The pattern holds elsewhere. Some cases produced convictions that are now final. Others produced plea deals. A handful, including a high-profile Los Angeles case against a music executive, ended in mistrials that prosecutors declined to retry. For survivors who came forward during the wave, the legal landscape of 2026 looks less like a verdict than a long administrative wind-down.
That is not a counsel of despair. It is a description of how sexual-assault prosecutions against wealthy defendants with formidable defence teams actually conclude in the American system. Reversals on procedural grounds, not on the facts, are the modal outcome. The facts rarely move; the procedure does.
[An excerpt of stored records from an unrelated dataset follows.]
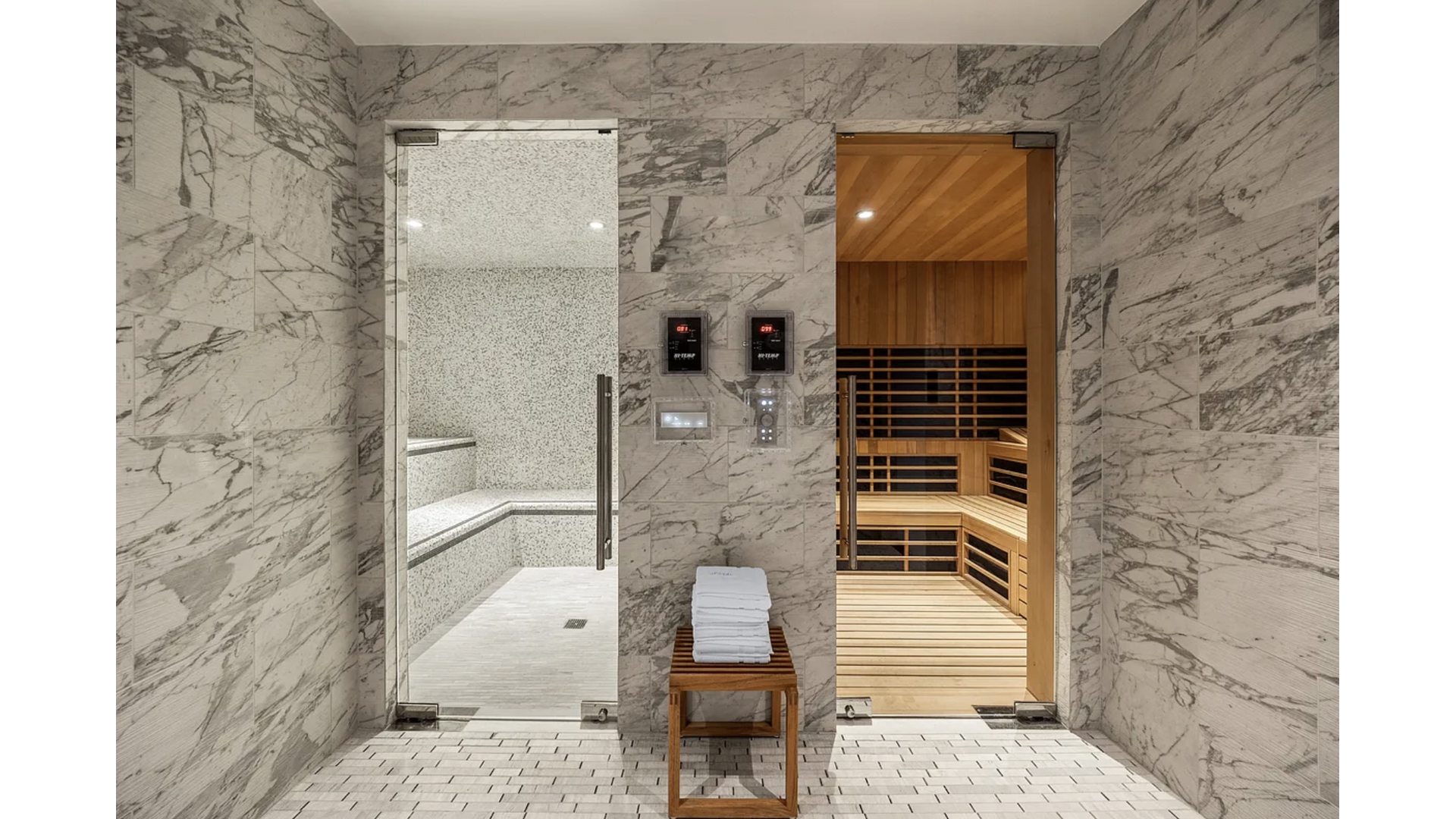 50 West 66th Street 4E Lincoln Square New York NY 10023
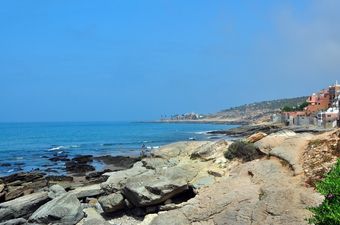 Irish citizen dies after stabbing in Morocco (Report)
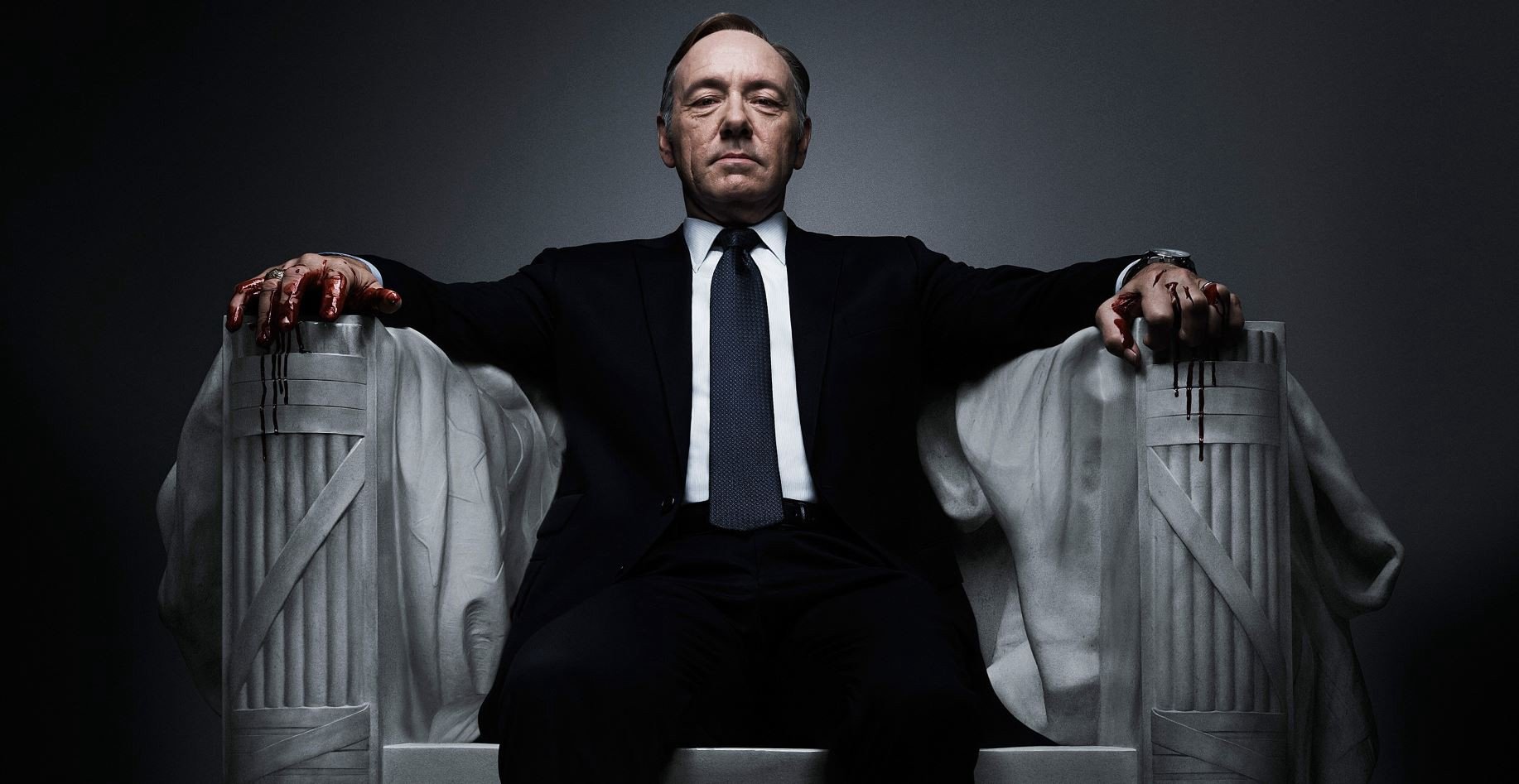 House of Cards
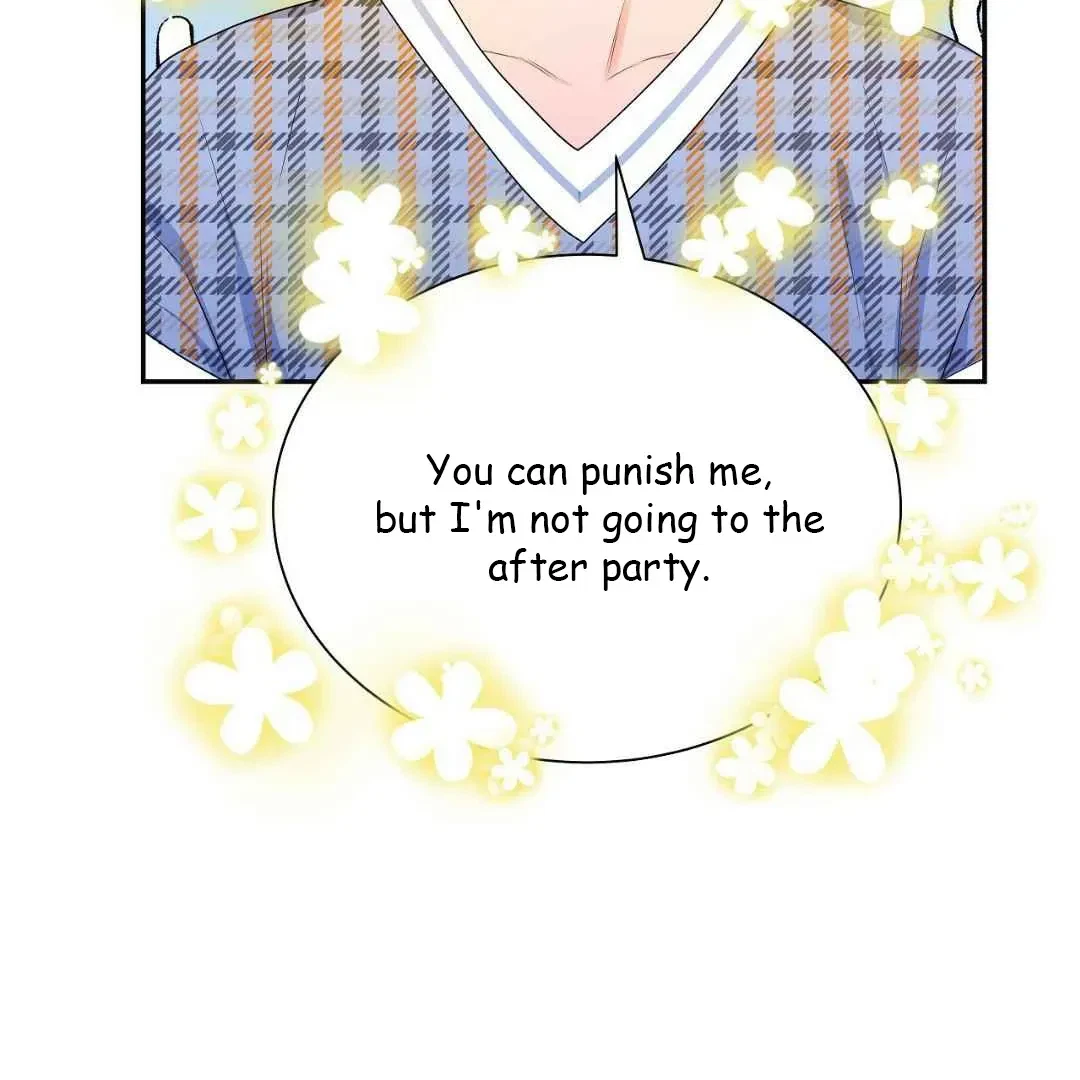 Chapter 9, page 3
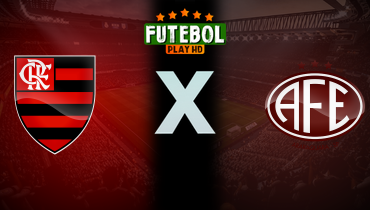 Assistir Futebol Play HD ao vivo em HD Online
Stakes, and what remains uncertain
The immediate question is the length of whatever sentence the new judge imposes. Weinstein has been in custody since his arrest in New York in 2020; he is currently serving a 16-year New York sentence that no longer exists as a legal matter, though his California custody is now the operative one for any new term. Whether the resentencing judge will impose a comparable term, a reduced one, or something in between is genuinely unknown.
What is also unknown is whether Weinstein's defence team will seek further appellate review — including, potentially, to the California Supreme Court — over the conviction itself. Friday's ruling preserves that avenue, even if the bar for overturning a jury verdict on appeal is high.
For the two complainants whose testimony underpinned the Los Angeles case, the ruling is a verdict that the system, this time, did not erase. For the broader question of how the legal apparatus handles cases of this kind, Friday's order is a more ambiguous artifact: a reminder that convictions can be upheld and undone by procedure in the same breath.
This piece relies on a single wire report from Variety on the 26 June 2026 ruling; additional details about the court's reasoning, the identity of the appellate panel, and the schedule for resentencing were not available at time of filing.